Requirement -> Output only the lines from the line holding "Kia XCee'd 1.6" through the close of the records, exactly as they appear, with all pictures omitted.

>>>>>

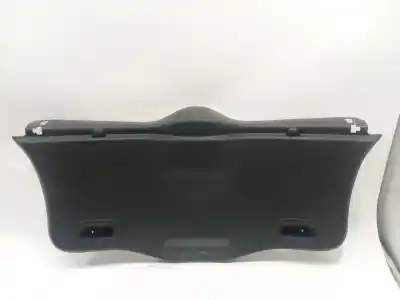 Автозапчастина б/у обработка задніх дверей для RENAULT MODUS / GRAND MODUS (F/JP0_) 1.5 DCI 90 Посилання на OEM IAM 8200213729  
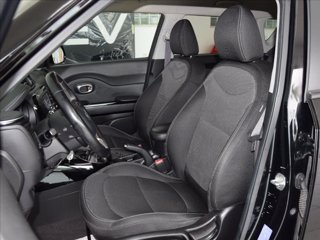 KIA Soul 1.6 crdi 16v Your Soul 136cv 13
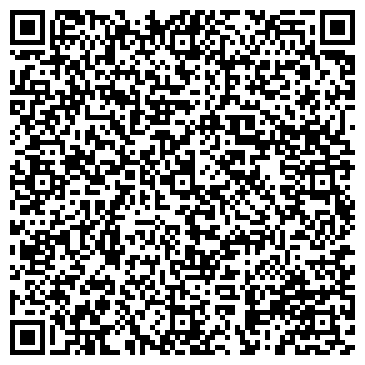 QR-код с контактной информацией организации Арт-студия Елены Цирулис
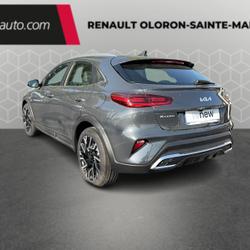 Kia XCee'd 1.6 CRDi 136 ch ISG MHEV iBVM6 Active Oloron-Sainte-Marie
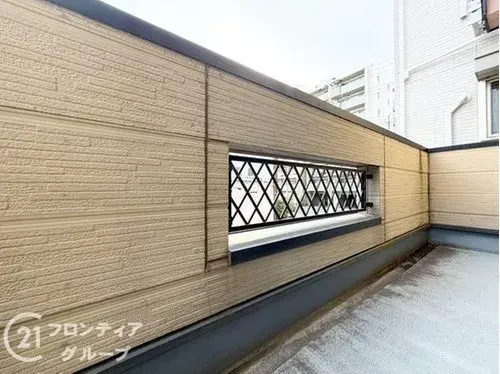 4LDK 房屋 堺市 大阪府 (2)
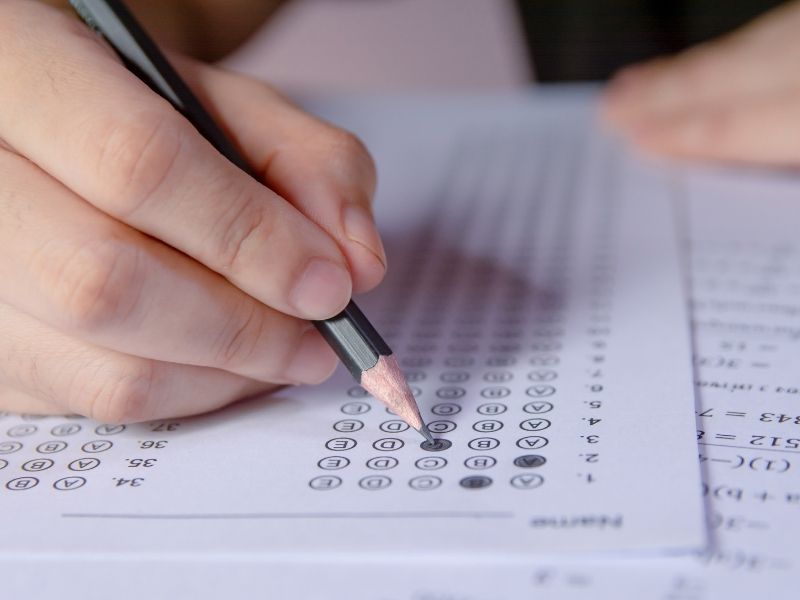 Estudiar para el examen Comipems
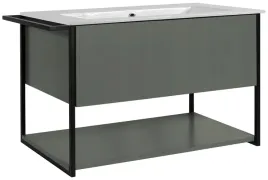 zielona-lakierowana-szafka-z-biala-umywalka-80-cm-wiszaca-polmat-wieszak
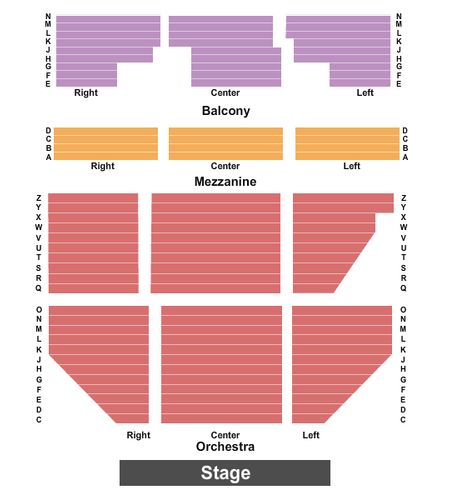 Fox Theatre CA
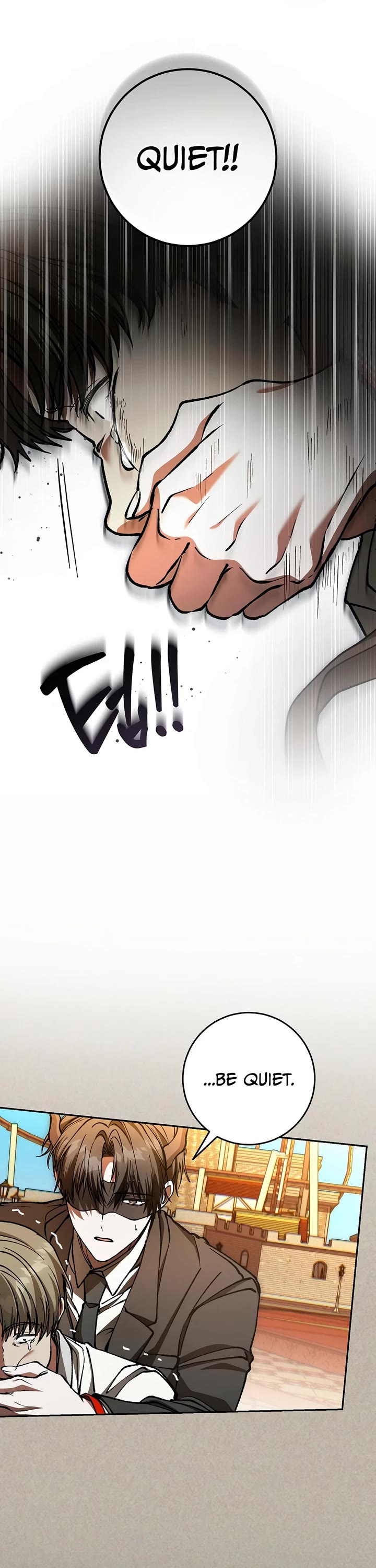 Got Dropped into a Ghost Story, Still Gotta Work Chapter 22 page 44 - Chapter 22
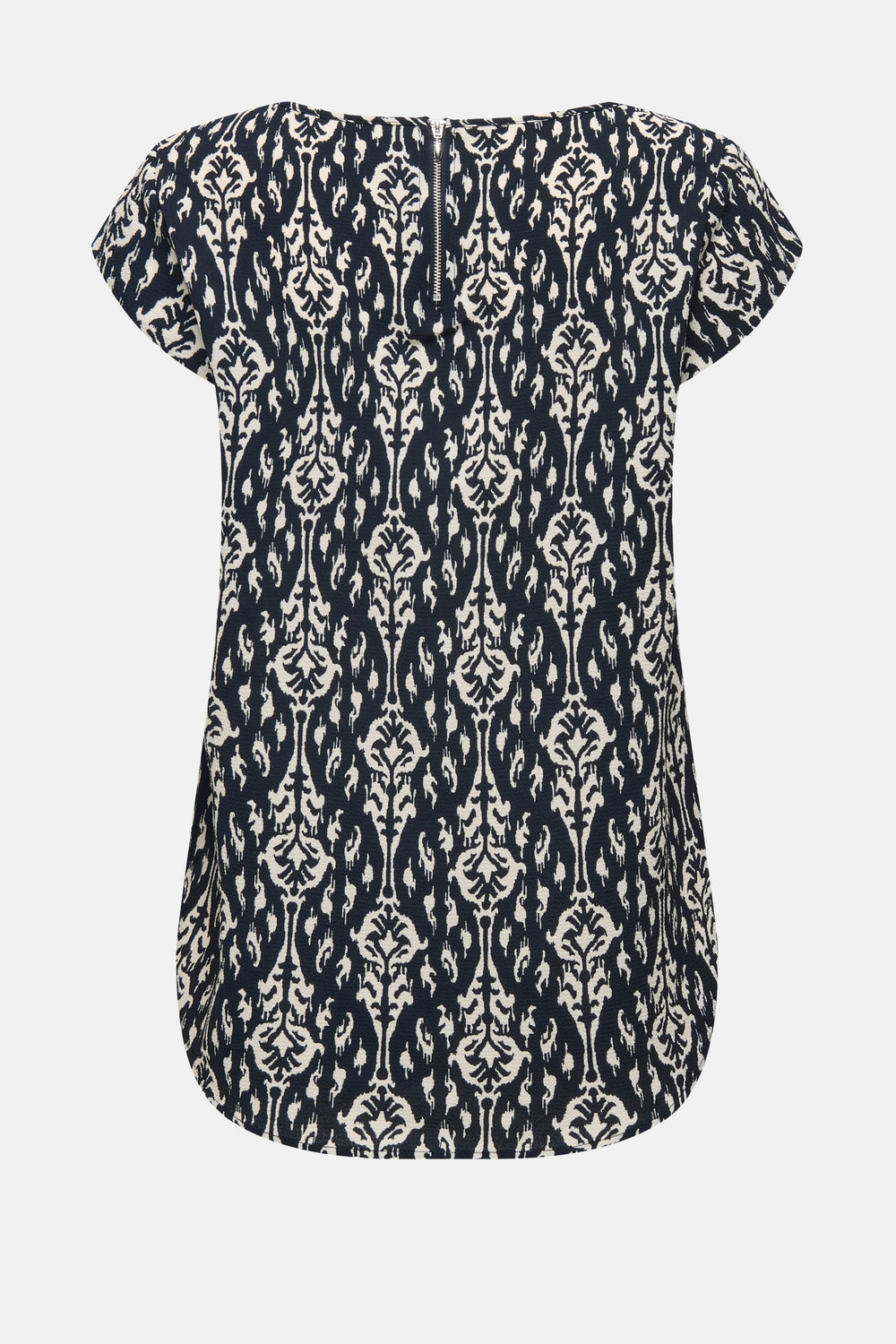 Blouse (korte mouwen) Multicolor - ONLY®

<<<<<

Answer to this exercise ->
 Kia XCee'd 1.6 CRDi 136 ch ISG MHEV iBVM6 Active Oloron-Sainte-Marie
 4LDK 房屋 堺市 大阪府 (2)
 Estudiar para el examen Comipems
 zielona-lakierowana-szafka-z-biala-umywalka-80-cm-wiszaca-polmat-wieszak
 Fox Theatre CA
 Got Dropped into a Ghost Story, Still Gotta Work Chapter 22 page 44 - Chapter 22
 Blouse (korte mouwen) Multicolor - ONLY®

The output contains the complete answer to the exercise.